I found myself wondering whether Shalini’s mother-in-law really was suggesting murder, or whether she had actually meant he should leave her. I did not dare ask Shalini—one can only guess. But either way, the desperation of Shalini’s situation came out clearly from her words.
When he beat the shit out of me, I think I was better off. Mentally, it was just too exhausting because it was affecting me so much. I didn’t want to accept that the end was coming. I was being pushed to it and I didn’t see it coming. I thought he was just being stupid, I didn’t see it the way it was and what could actually happen. That’s what scares me now. I mean, when my parents say, ‘Just go back to him,’ I feel like, ‘Oh no!’
One of the main reasons behind Shalini’s fear of her mother-in-law was that she believed in and practised black magic. Across urban and rural India, irrespective of religious faith, many people point to black magic to explain things that they otherwise cannot explain rationally. Though Shalini admitted to me that the idea of black magic seemed a bit far-fetched, she seemed very convinced about it nonetheless. ‘I never used to believe in it till I experienced it,’ she told me.
I had reached a point where I could hardly talk and stammered all the time, and I was really fearful to even venture out of the house. People always asked me, ‘Your mother-in-law, did she stay with you?’ I said, ‘No, she was in India.’ ‘Then how the fuck could she create an issue?’ You have to admit that that’s very hard to explain.
The most severe occurrence that Shalini puts down to her mother-in-law’s black magic was the fact that she did not menstruate for two whole years. This condition of hers baffled doctors in the US. Her mother-in-law had given her a small slip of paper inserted inside a silver cover to wear around her neck—Shalini now suspects that this amulet was cursed.
Shalini found it very hard to conceive of the idea of leaving her husband, but it did come to her mind when things became too hard to handle. She knew her parents would never support her in this. Even today, years after she has been separated from him, her parents still hope that she will return to her husband. She has long felt stuck in a desperate situation, with very few choices at hand.

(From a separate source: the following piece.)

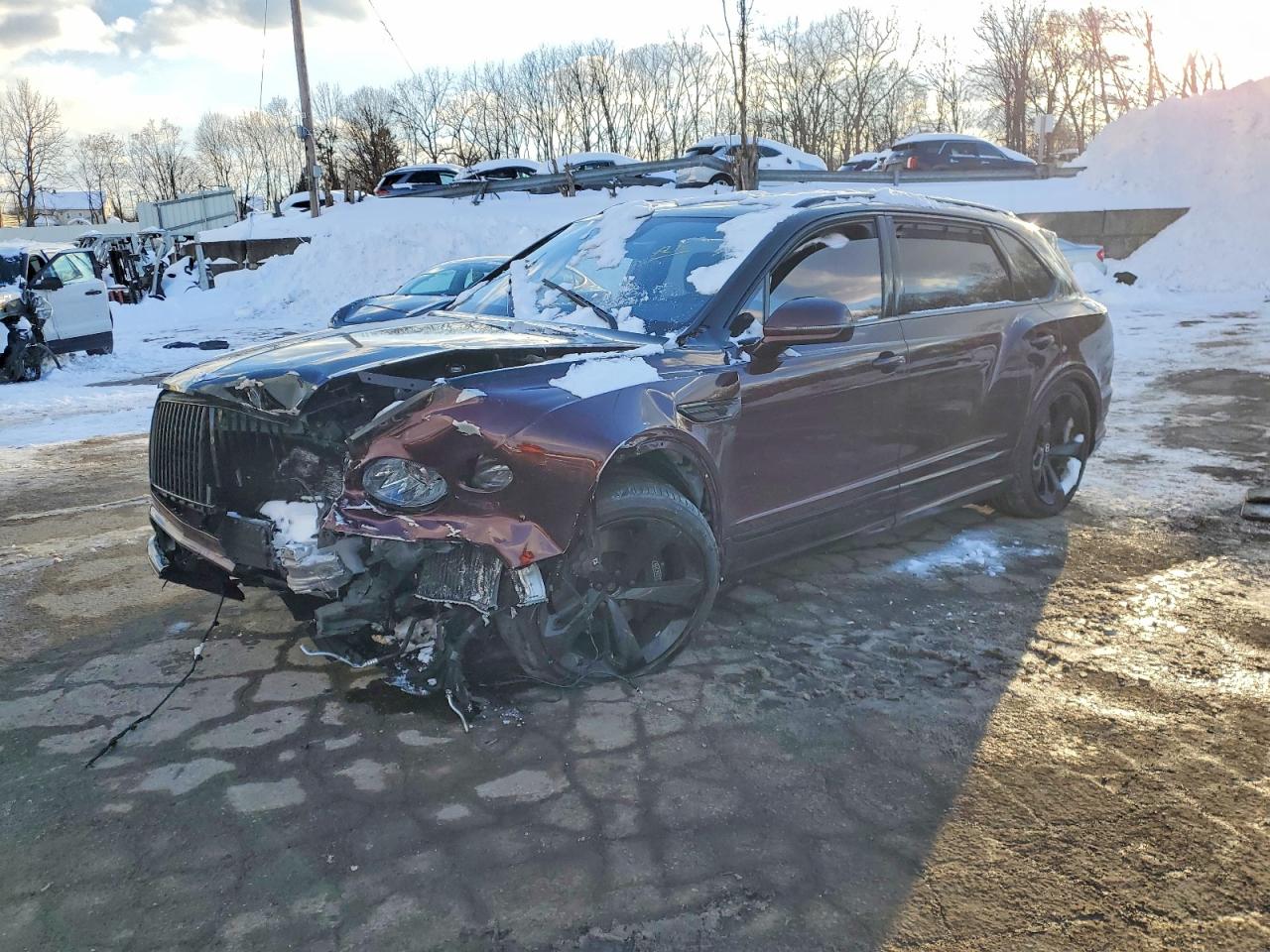 2023 Bentley Bentayga V8, VIN SJAHT2ZV1PC020661 — Front end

He wanted to end the marriage
As Shalini spoke, I could see how she had been treated as a puppet, a mere medium through which to make money. The communication between the couple, even while they were together, was minimal. Their conversation generally related only to essential things. At other times, they would have verbal duels. Even when things were going really badly, her husband did not see the need to speak with her and try to sort out their problems. Perhaps one could conclude that his unwillingness to communicate was indicative of the fact that he simply wanted to make money, and, therefore, did not care about her or the problems she felt they were facing.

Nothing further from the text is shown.